Ti posso dire come si fa da affondare, se vuoi: sul web c’è una sorta di sindrome di Leonardo: poiché le cose sono raggiungibili attraverso una strisciata di carta di credito o una password di PayPal e poi un doppio click per “Installa“, la gente pensa che aprendo un tool o mettendo su un sito, automaticamente diventa un esperto grafico, piuttosto che un editore online o un blogger. Non è così, ma il fatto che queste cose siano accessibili a costo zero ci porta a pensare, senza alcuna logica a dire il vero, di avere la competenza per poi poterle usare. Sul web vediamo decine di migliaia di persone che vogliono aprire un blog ma poi non hanno nemmeno la più pallida idea di quello che intendono farci, e non parliamo di un piano editoriale. Parliamo di individuare una direzione, uno scopo, un obiettivo, un pubblico al quale indirizzarsi.

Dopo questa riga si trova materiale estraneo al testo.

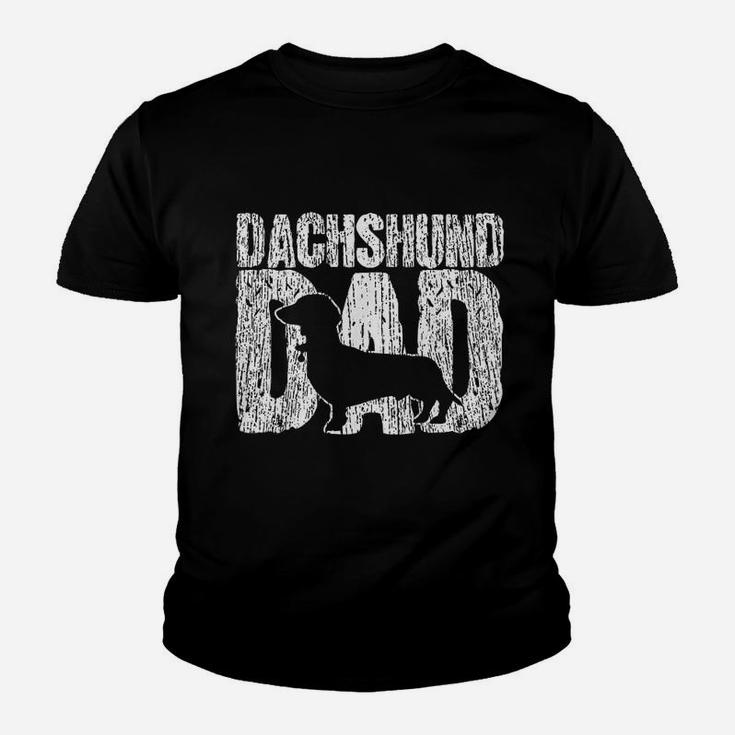 Dachshund Dad Father Fathers Day Vintage Kid T-Shirt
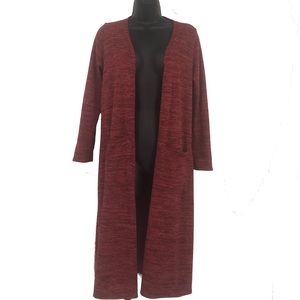 Lularoe Sarah Duster Cardigan Red S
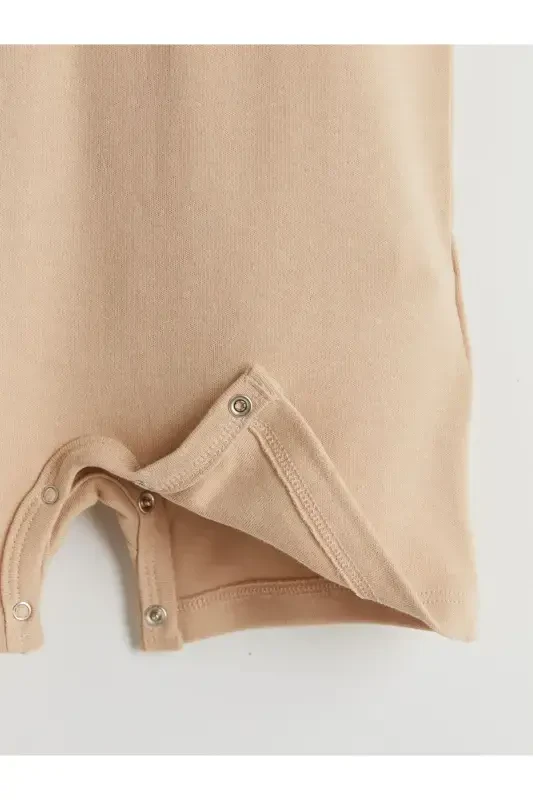 LCW ECO Crew Neck Printed Baby Boy Jumpsuit - 4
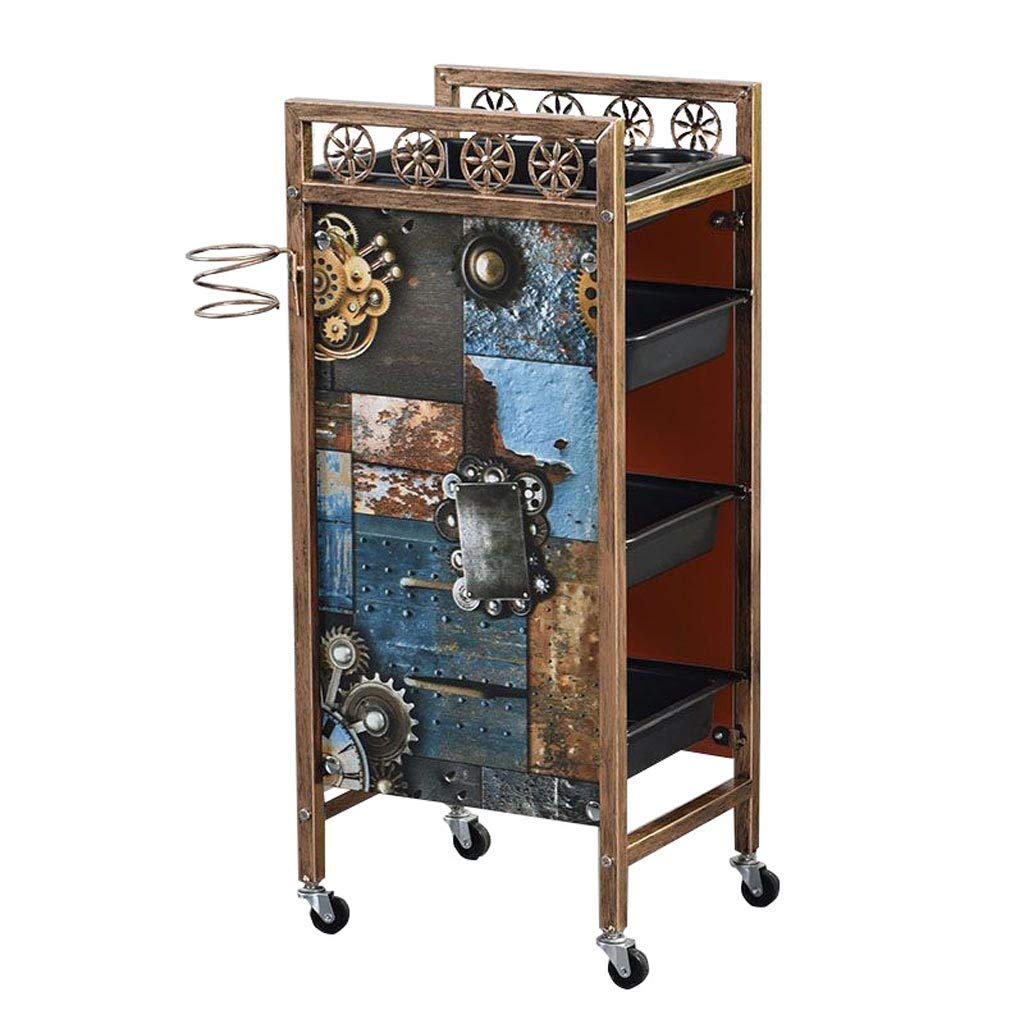 Carrello Portaoggetti Multifunzionale, Carrelli Di Servizio Di Utilità Cassetti Carrello a Ripiani Vassoio Portaoggetti per Parrucchieri Carrello per Trucco Di Bellezza Carrelli Portaoggetti Ca
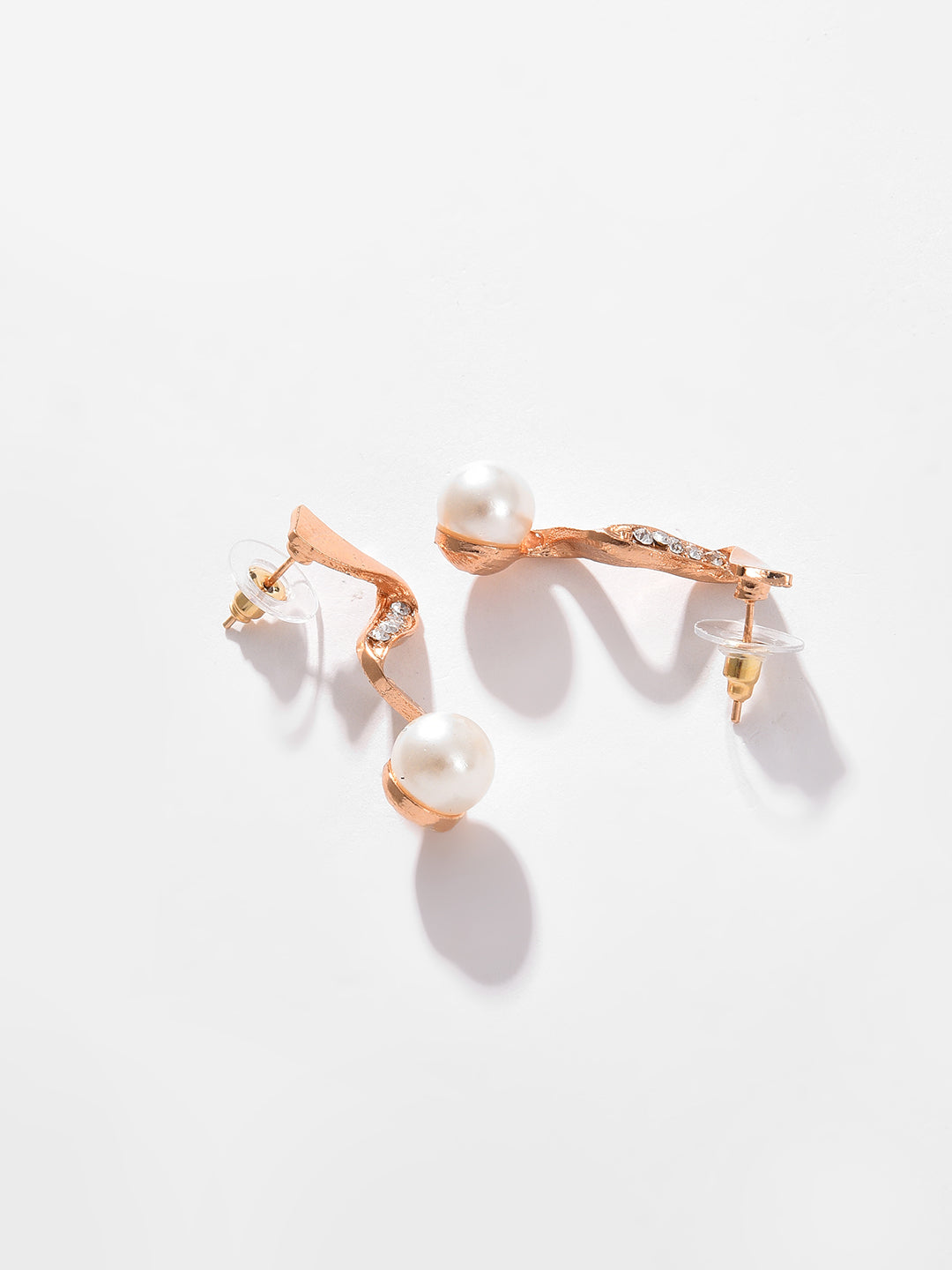 Gold Plated Pearls Necklace And Earring Set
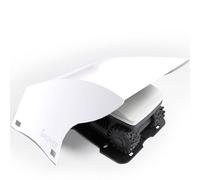 IDEA MOWER Garage pour robot tondeuse Shell, compatible avec Husqvarna Automower, en aluminium composite - Blanc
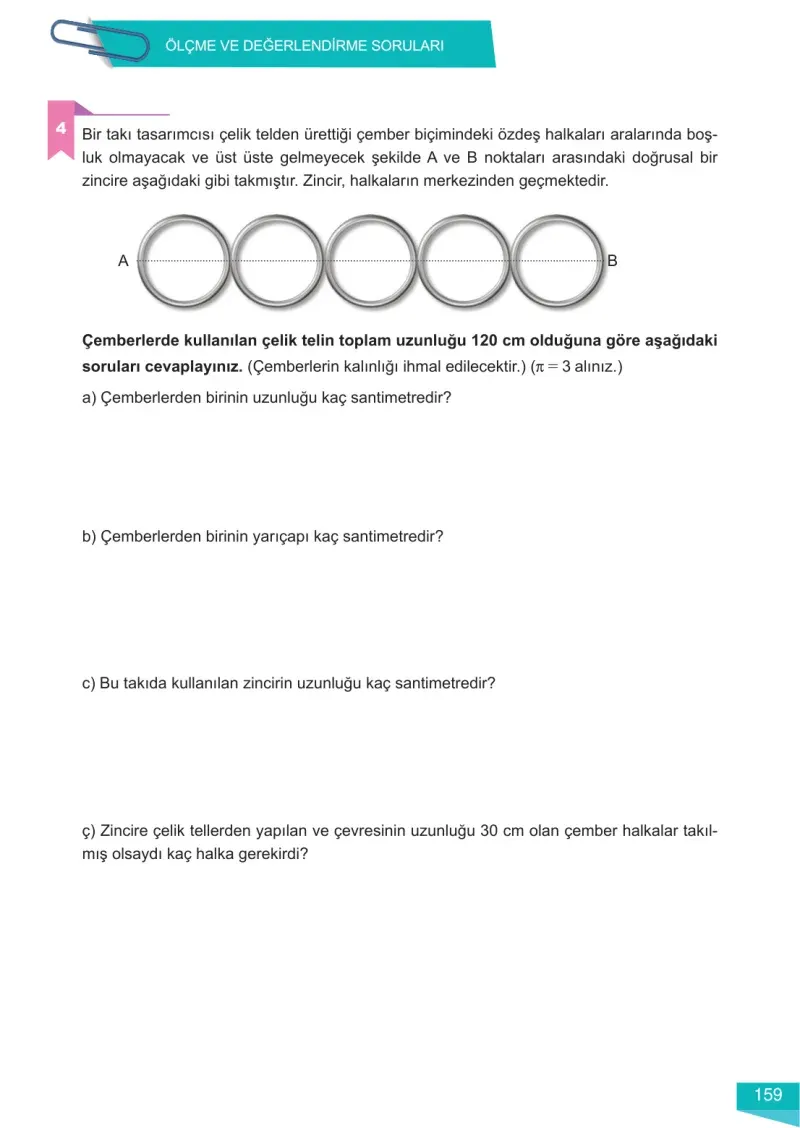 6. Sınıf Matematik Ders Kitabı Cevapları Meb Yayınları 2 Sayfa 159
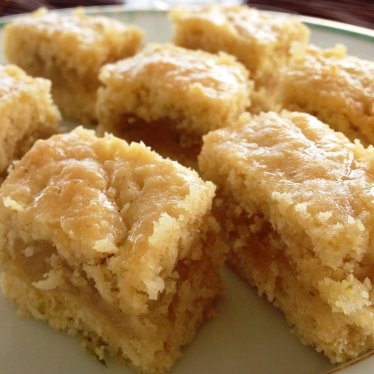 Les losanges moelleux aux amandes et à l'orange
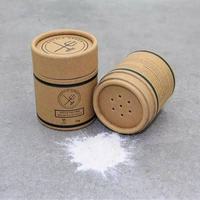 Boîte cylindrique écologique recyclable personnalisée avec logo imprimé pour poudre, shampoing sec, épices
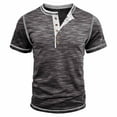 thumbnail image 4 of Hvyesh Men’s Henley Shirts Short Sleeve Athletic Button Tee Shirts Summer Lightweight Basic T Shirts, 4 of 9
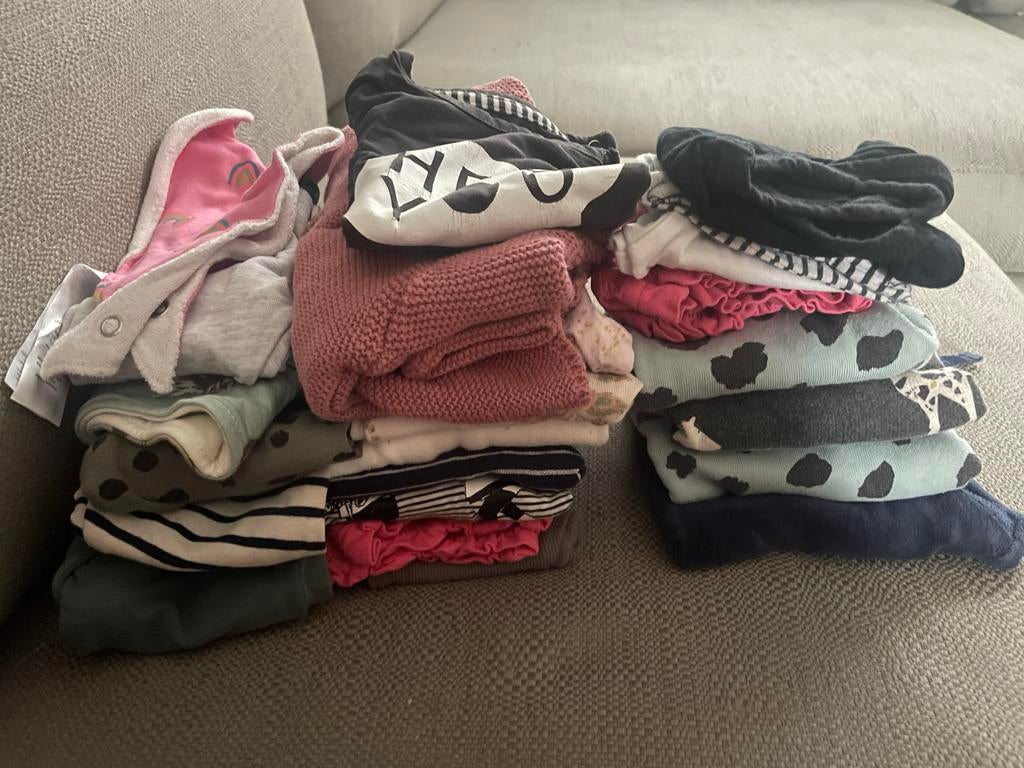 Kledingpakket meisje maat 62-68, Ophalen, Gebruikt, Overige maten
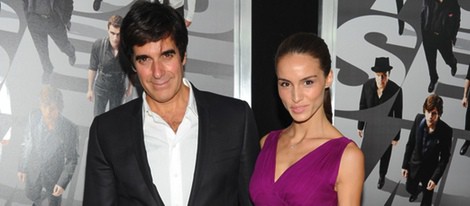 David Copperfield y Chloe Gosselin en la premier de 'Ahora me ves...'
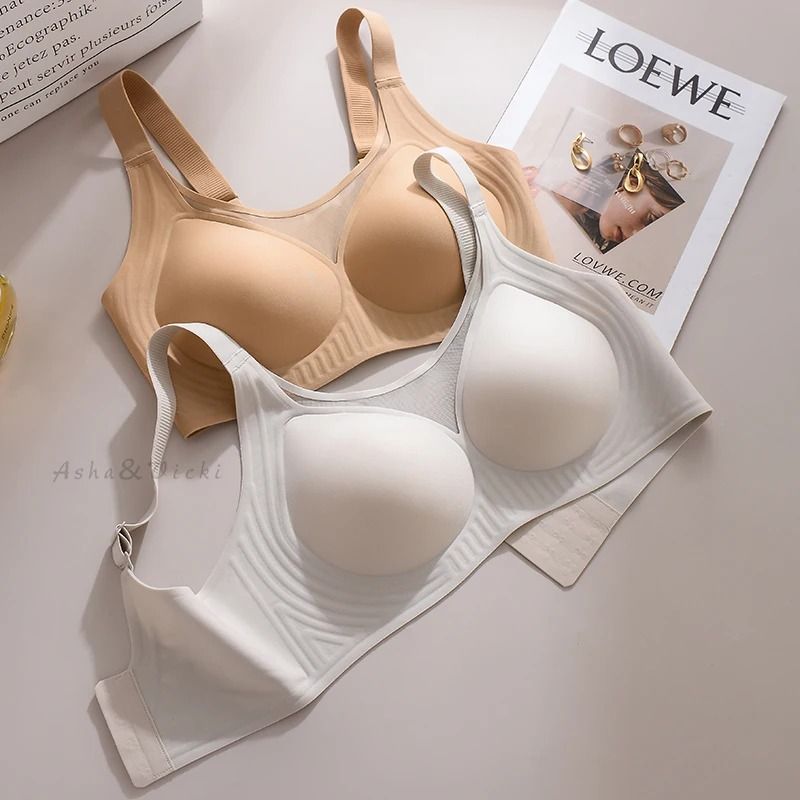 Plus Size Lace Comfort Bra With Full Coverage Support 3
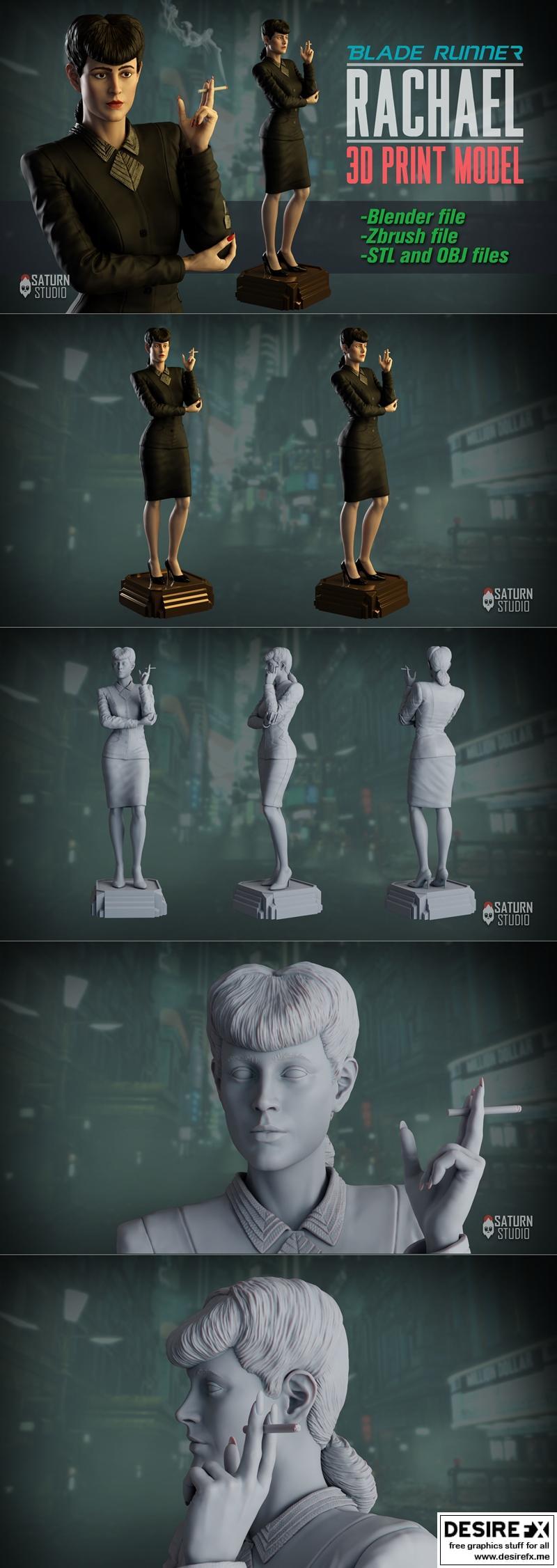 赛博朋克2049 - 雷切爾 3D打印模型|Rachael from Blade Runner – 3D Print Model STL
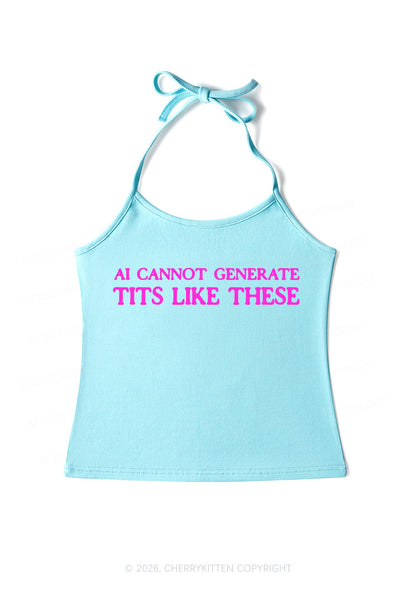 Ai Cannot Generate Txts Y2K Halter Neck Cami Cherrykitten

La smania di fare è giusta, ha un senso, è un motivatore importante. Però, sul web più che mai, vista la complessità delle cose, che non si nota aprendo il proprio computer, c’è bisogno di studiare un attimo prima, pensare, farsi domande, prepararsi su cosa si desidera fare e come.
Magari può sembrare facile per un personal brand come te, ma per un’azienda?
Smontiamo il teorema che l’azienda sia differente dall’imprenditore individuale. L’azienda è fatta da singole persone che singolarmente aprono gli schermi dei pc e guardano le cose, poi magari si riuniscono in conferenza sprecando il loro tempo con i propri manager, ma sono le singole persone che prendono le decisioni.
Riassumiamo in 5 punti
1. Come fare a intercettare coloro che su Internet stanno cercando, in questo momento, ciò che tu sei in grado di risolvere. È inutile avere milioni di visitatori, il traffico vale zero. Bisogna intercettare chi sta cercando ciò che tu offri. Il problema è se tu offri troppe cose diverse.
2. Come fare per aumentare la tua reputazione, la moneta corrente sul web per oggi e per il futuro. Quali sono i passo per distinguere chi vende fuffa da chi è veramente un esperto.
3. Come creare una comunità di fan appassionati che promuovono e fanno conoscere il tuo servizio ad altri a costo zero.
4. Come entrare in conversazione e dialogo, con i tuoi fan e con i tuoi lettori per poter ascoltare con attenzione tutti i loro consigli e soprattutto per intercettare i loro problemi, le loro esigenze.
5. Come valorizzare al massimo l’ascolto nelle conversazioni con i tuoi fan e clienti per creare prodotti e servizi su misura per loro, che ti aiutino ad aumentare il tuo fatturato.
Robin, ma perché sei andato a vivere in un’isola del Portogallo?
Avevo bisogno di stare in cima ad una montagna, in una casetta isolata dove non ci fossero distrazioni, telefoni che squillano e rompiscatole. Questo è il mio monastero dove sto preparando due libri.